Este foco em caminhar também aproxima bastante Dragon’s Dogma 2 do walking simulator deluxe Death Stranding. Claro, aqui é uma versão muito mais dura e mais perigosa. Mas o foco é ir de um lugar a outro onde você pode se recuperar e salvar, e para conseguir fazer isso, você precisa se preparar, escolher o que levar e garantir que está levando o suficiente – mas não mais do que o suficiente. É inconveniência como design. E, claro, você pode não gostar disso. No papel, eu certamente não gosto. De alguma forma, no entanto, acabei tendo boas experiências tanto com o primeiro Dead Rising quanto com este. E são dois jogos que, ideologicamente para mim, fazem tudo “errado”.
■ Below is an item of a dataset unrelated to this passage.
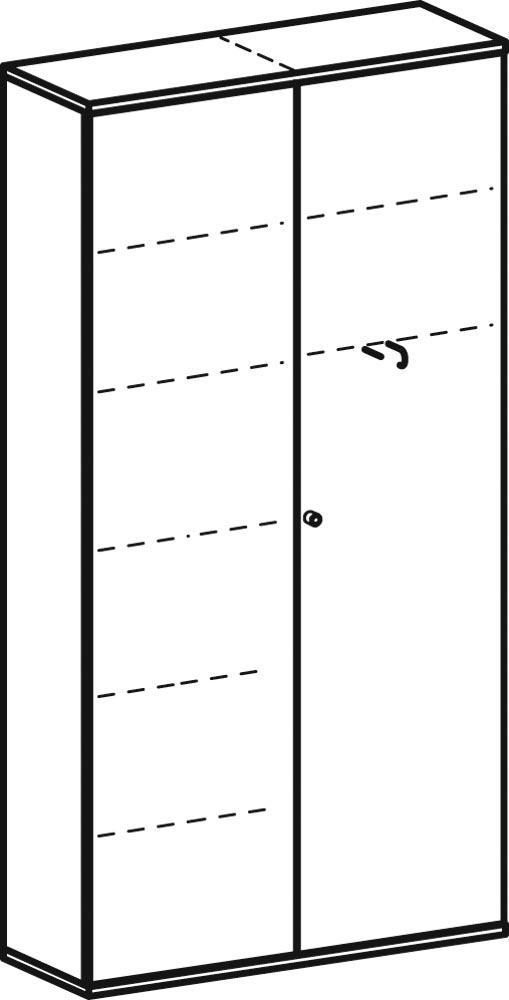 Büro-Flügeltürenschrank, BxTxH 1000x425x2304 mm, 6 OH, Mitteltrennwand, 5 Böden, Garderobenhalter, Schloss, weiß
Sinceramente, eu não devo jogar Dragon’s Dogma 2 de novo. Para ser honesto, quando escrevi esta parte do texto, não sabia nem se ia jogar até o fim, pois pretendia desistir no momento que meu save quebrasse ou encontrasse algum atrito que não estivesse disposto a aceitar.

UPDATE: TERMINEI

Dragon's Dogma 2, Capcom, RPG, Mundo aberto, Delfos
O design da esfinge talvez seja o mais impressionante de todo o jogo.

Pouco depois de escrever a parte acima, percebi que estava entrando na sequência final de missões. O nível recomendado para esta parte em guias online era acima de 45. Estava no nível 27. Pensei em desistir, mas ainda queria jogar. Então saí andando a esmo. Explorando o mundo, fazendo sidequests. Arrisco dizer que tendo a experiência que a Capcom pretendia. Encontrei a Esfinge, lutei contra a Medusa, fiz um monte de coisa, mais até do que fiz quando seguia a história. Quando estava pronto para abandonar, cheguei ao nível 45 e resolvi ir até o fim. Fiz o final ruim e voltei para fazer o final real.

Esta corrida para o final real foi mais chatinha, com chefes muito difíceis e uma sidequest obrigatória que exigia que eu pegasse um peixe sendo que não existia mais água no mundo. Sim, o jogo quebrou. Eu fiz o final real, mas não consegui salvar os elfos porque não tinha feito esta sidequest do peixe antes do fim do mundo. Mas consegui terminar, e isso me surpreendeu bastante, especialmente considerando minhas diferenças ideológicas com ele.

O que posso dizer é que, APESAR DE TUDO, gostei de Dragon’s Dogma 2. É um relacionamento abusivo que você sabe de antemão que vai ser abusivo, e que só deve ser encarado por aqueles que achem o abuso gostoso. Eu normalmente não acho. Porém, no conjunto da obra, diria que tive, sim, uma boa experiência. Uma que não quero ter de novo, mas uma vez pelo menos foi interessante.